[Collected data entries]
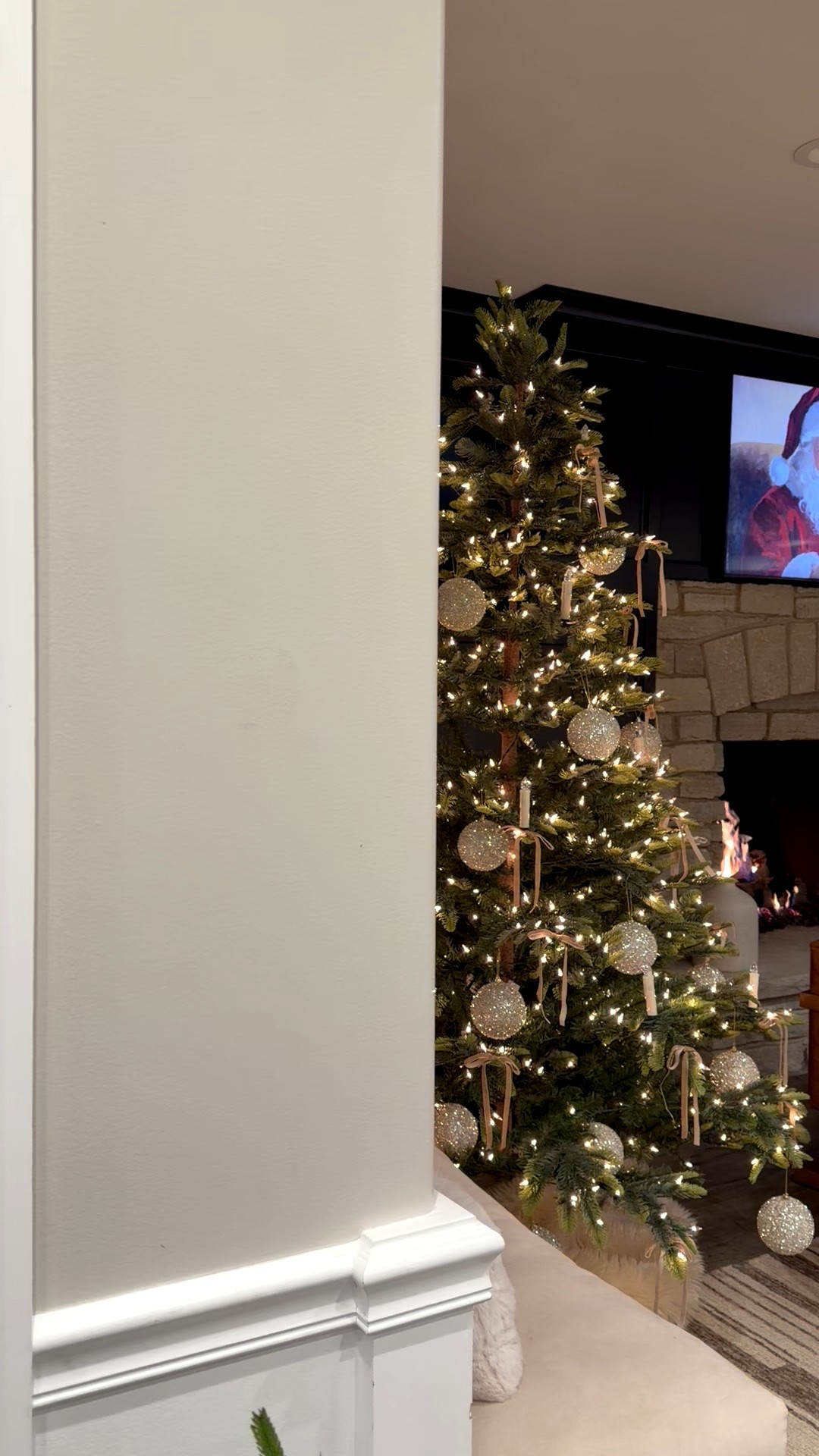 Cozy Christmas views in our basement 🎄 

#christmasdecor #christmas #christmashome #christmasinspo #christmastree #basement #amazonfinds #founditonamazon 

#LTKGiftGuide #LTKSeasonal #LTKHoliday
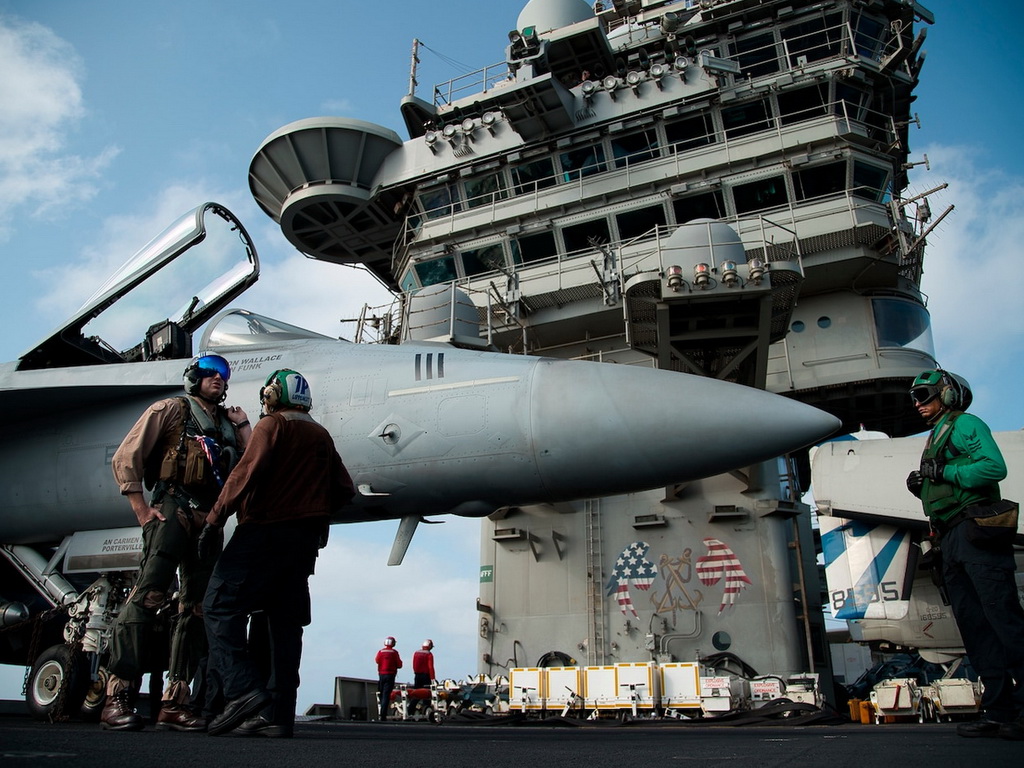 Američka vojska šalje nosač aviona Lincoln u regiju Bliskog istoka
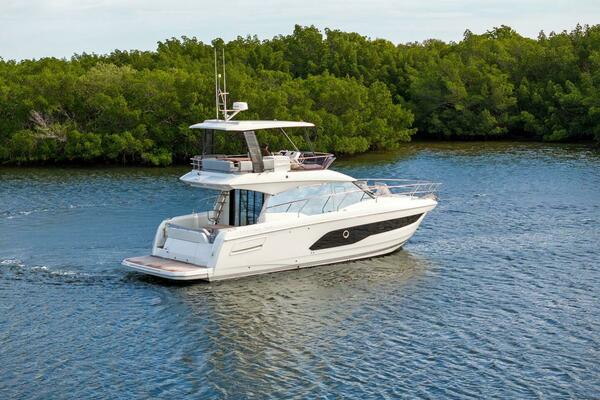2024 42 Prestige Flybridge - Profile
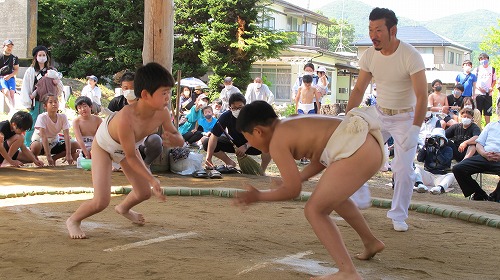 子どもたちが相撲を取っている様子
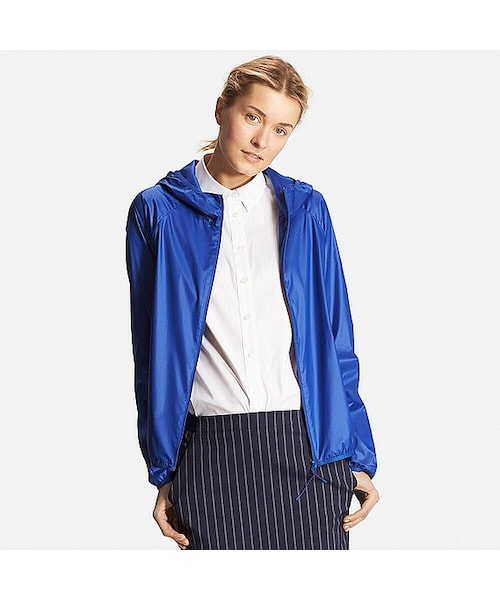 UNIQLO(ユニクロ)の「WOMEN ライトポケッタブルパーカ(ブルゾン・レディース・NAVY 69/LIGHT GRAY 02/BLACK 09/PINK 12/WHITE 00/OLIVE 57/GREEN 51/BLUE 62/BLUE 67/BEIGE 32・XXL/M/L/3XL/XL/XS/S)」の9枚目の写真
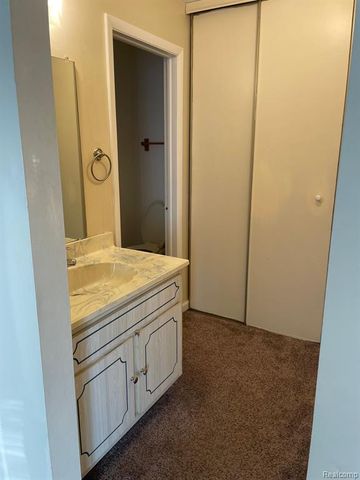 24627 Bashian, Novi, MI 48375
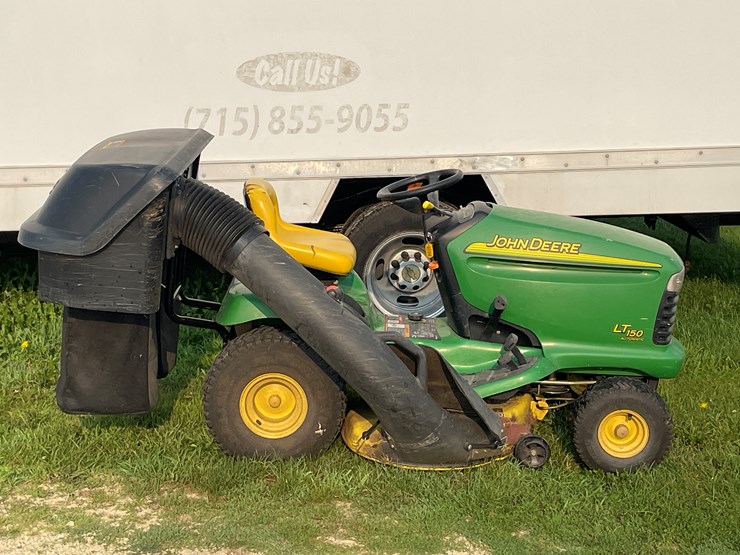 john-deere-lt150-image-4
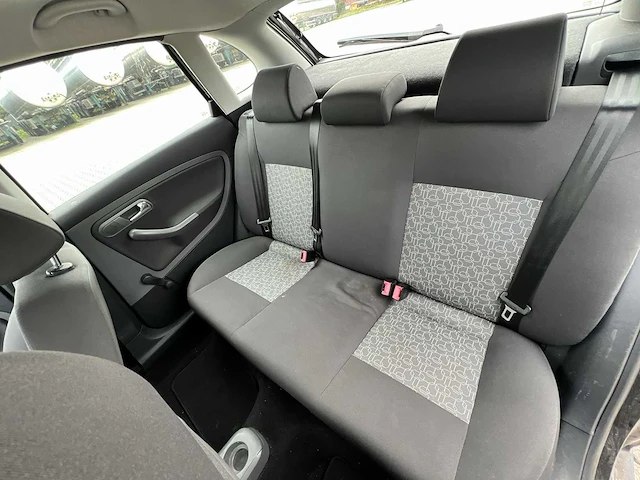 Seat ibiza 1.2-12v trendstyle 2008 | airco | 10-zk-dk - afbeelding 11 van  23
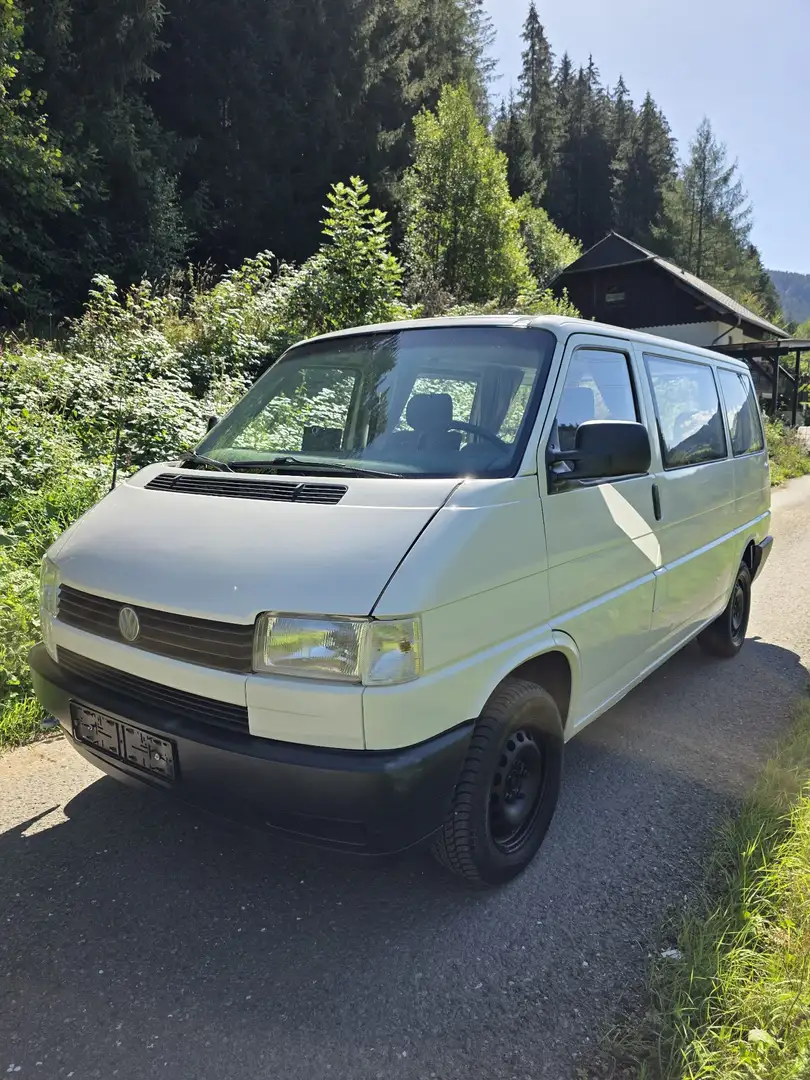 Volkswagen Transporter - 2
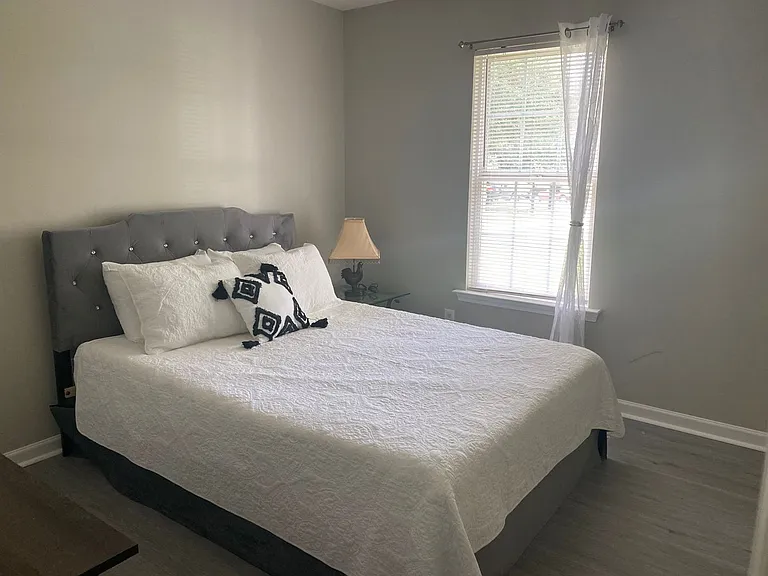 907 Rucker Cliff Dr — Photo 15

● TASK BRIEF
Every line of the data is to be transcribed exactly, and no picture is to be included.

● ANSWER TO THE EXERCISE
 Cozy Christmas views in our basement 🎄 

#christmasdecor #christmas #christmashome #christmasinspo #christmastree #basement #amazonfinds #founditonamazon 

#LTKGiftGuide #LTKSeasonal #LTKHoliday
 Američka vojska šalje nosač aviona Lincoln u regiju Bliskog istoka
2024 42 Prestige Flybridge - Profile
 子どもたちが相撲を取っている様子
 UNIQLO(ユニクロ)の「WOMEN ライトポケッタブルパーカ(ブルゾン・レディース・NAVY 69/LIGHT GRAY 02/BLACK 09/PINK 12/WHITE 00/OLIVE 57/GREEN 51/BLUE 62/BLUE 67/BEIGE 32・XXL/M/L/3XL/XL/XS/S)」の9枚目の写真
 24627 Bashian, Novi, MI 48375
 john-deere-lt150-image-4
 Seat ibiza 1.2-12v trendstyle 2008 | airco | 10-zk-dk - afbeelding 11 van  23
 Volkswagen Transporter - 2
 907 Rucker Cliff Dr — Photo 15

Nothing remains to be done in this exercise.